Les questionnaires visant à sonder la perception de la maladie restent malheureusement beaucoup trop peu utilisés à l’heure actuelle.  » Dans l’ensemble, les patients sont bien informés au sujet de leur pathologie, mais les soignants aussi devraient essayer de se faire une idée de la manière dont les malades perçoivent leur propre problème et des connaissances qu’ils possèdent déjà. Certaines personnes sont par exemple convaincues que leur lupus découle d’un excès de stress. Il est important de le savoir pour pouvoir les détromper.

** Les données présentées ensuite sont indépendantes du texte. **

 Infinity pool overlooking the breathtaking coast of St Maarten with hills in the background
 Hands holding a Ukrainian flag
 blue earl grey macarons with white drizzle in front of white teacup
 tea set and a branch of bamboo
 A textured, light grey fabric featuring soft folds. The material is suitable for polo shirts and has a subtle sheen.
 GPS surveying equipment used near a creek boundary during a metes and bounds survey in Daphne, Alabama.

Si le patient s’accroche à une information erronée ( » inadaptée « ), il sera à peu près impossible de lui faire assimiler celle qui est correcte.  »

Parfois, ce sont aussi les angoisses du malade qui empêchent l’information de passer :  » Une patiente m’a demandé un jour si la sclérodermie systémique, c’était la même chose que la sclérose en plaques, la maladie qui avait emporté son conjoint. Cette angoisse l’avait empêchée d’entendre tout ce que son médecin lui avait expliqué jusque-là.  »

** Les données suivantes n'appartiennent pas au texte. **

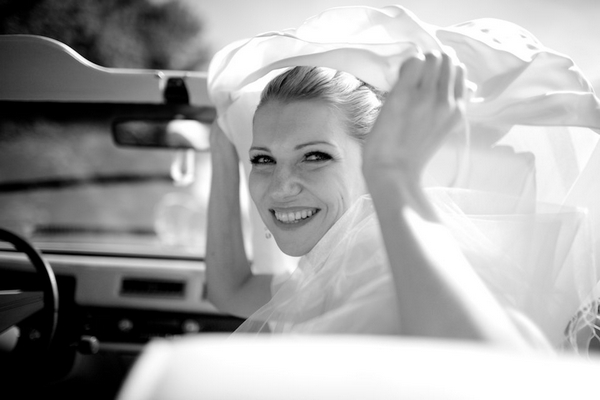 Bride in car holding veil as it blows in the wind - Picture by Wedding Photographer Duo
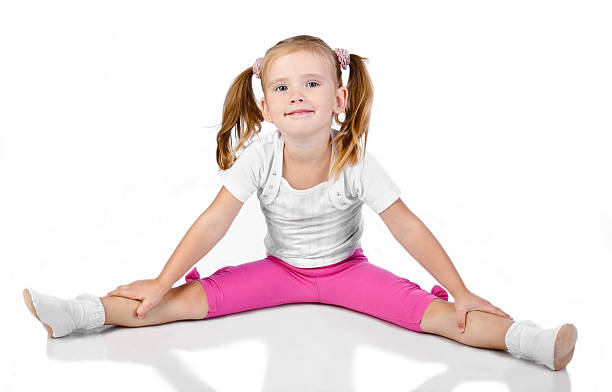 istock Gymnast cute little girl isolated 154127436
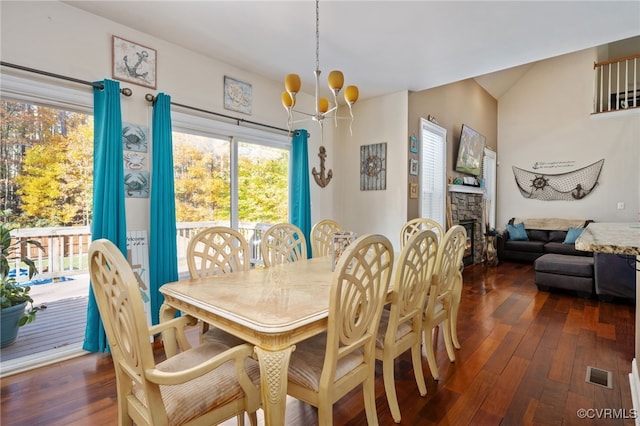 dining area featuring dark wood-type flooring, a chandelier, vaulted ceiling, and a stone fireplace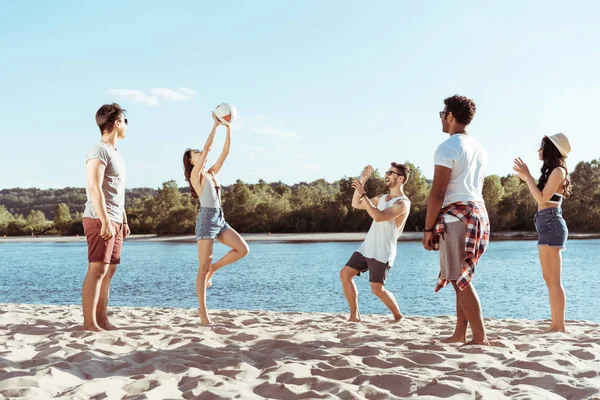 Amigos jugando voleibol en la playa de arena —  Fotos de Stock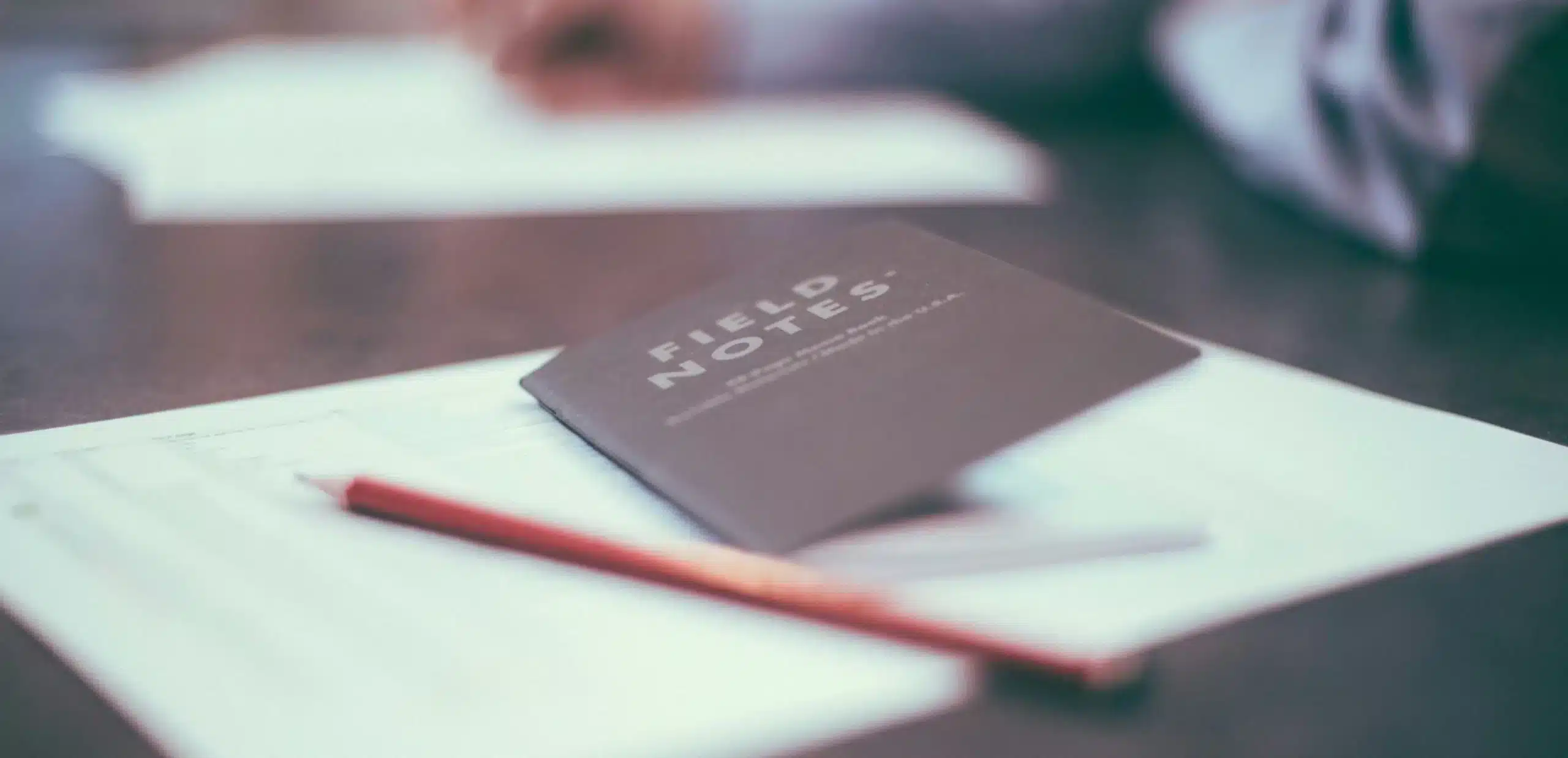 a pencil and a notebook with data to do a carbon footprint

Orienter les comportements

Pour orienter les comportements de santé dans la bonne direction, il faut avant tout être attentif à la perception de la maladie et du traitement.  » Il existe par exemple une foule d’idées préconçues concernant la cortisone, illustre Seher Arat. Quand on prescrit ce traitement, il faut donc toujours s’efforcer d’évaluer ce que le patient a déjà entendu. ‘Mon cousin a pris 10 kg sous cortisone’ ou ‘le pharmacien a froncé les sourcils en voyant l’ordonnance’ sont des pensées qui peuvent influencer la compliance thérapeutique.  » Peut-on également influencer la perception de la maladie dans un sens favorable ?  » Il n’y a pas de solution toute faite, mais oui, c’est possible. Cela dépend un peu de la phase dans laquelle se trouve le patient. Avoir une idée claire de sa vision et de ses questions et angoisses pour y apporter les bonnes réponses est un premier pas important.  »

*Seher Arat, The impact of illness perceptions on health outcomes in patients with multisystem diseases, KU Leuven, 10 novembre 2017.